Bernd Eilers wrote:

Hi there!

Just two possibly incompatible thoughts on that:

1.) What about using regular expressions like you can do in java or perl with the search string being a regular expression and the replacement String having the possibility to contain /$1 /$2 /$3 etc. with the meaning to replace with the match found for the n-th group surrounded by brackets inside the regular expression?

Not sure how that relates to the problem of replacing placeholders in a fixed text with dynamic content.

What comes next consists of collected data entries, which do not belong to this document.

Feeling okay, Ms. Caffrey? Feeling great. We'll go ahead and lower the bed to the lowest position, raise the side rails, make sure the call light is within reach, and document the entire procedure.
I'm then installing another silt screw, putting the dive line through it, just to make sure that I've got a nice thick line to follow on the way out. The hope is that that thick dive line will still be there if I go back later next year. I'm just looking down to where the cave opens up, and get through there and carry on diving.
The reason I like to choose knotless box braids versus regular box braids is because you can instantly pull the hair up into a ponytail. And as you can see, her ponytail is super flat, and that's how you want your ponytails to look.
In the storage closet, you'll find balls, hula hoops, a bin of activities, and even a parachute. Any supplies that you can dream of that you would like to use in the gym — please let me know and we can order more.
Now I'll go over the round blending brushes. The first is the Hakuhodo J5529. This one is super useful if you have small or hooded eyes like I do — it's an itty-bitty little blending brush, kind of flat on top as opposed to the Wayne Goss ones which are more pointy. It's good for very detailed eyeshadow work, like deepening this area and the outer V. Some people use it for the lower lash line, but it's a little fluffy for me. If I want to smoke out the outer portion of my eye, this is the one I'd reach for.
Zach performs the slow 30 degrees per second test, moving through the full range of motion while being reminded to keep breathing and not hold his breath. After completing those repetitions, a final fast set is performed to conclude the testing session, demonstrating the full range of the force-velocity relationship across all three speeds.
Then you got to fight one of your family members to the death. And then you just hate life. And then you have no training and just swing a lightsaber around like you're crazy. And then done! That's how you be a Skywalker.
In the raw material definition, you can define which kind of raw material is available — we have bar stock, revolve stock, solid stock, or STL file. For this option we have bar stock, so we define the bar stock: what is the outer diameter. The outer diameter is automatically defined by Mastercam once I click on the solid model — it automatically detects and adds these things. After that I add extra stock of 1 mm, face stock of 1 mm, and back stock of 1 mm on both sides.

The Boost library which AFAIK we already use for something else does contain support for regular expressions.

Have a look at:

http://www.boost.org/libs/regex/doc/index.html
http://www.boost.org/libs/regex/doc/non_standard_strings.html


2.) What about using arrays of Strings as arguments instead of just Strings? This would be adding the possiblity to replace multiple patterns at the same time while eliminating your problem one mentioned as well. And it will likely be faster than multiple calls to one replace method with different patterns and replacements.


Kind regards,
Bernd Eilers

Yes, functionality to solve the above problem ("replacing placeholders in a fixed text with dynamic content") would probably use some sort of dictionary to map different placeholders to actual content, and do the complete conversion in one call. But that is somewhat off topic; all I wanted this thread for is to argue that adding some searchAndReplace to rtl::OUString is probably not as useful as it might appear at first sight. How the functionality really asked for in the corresponding issue should be implemented is worth another thread.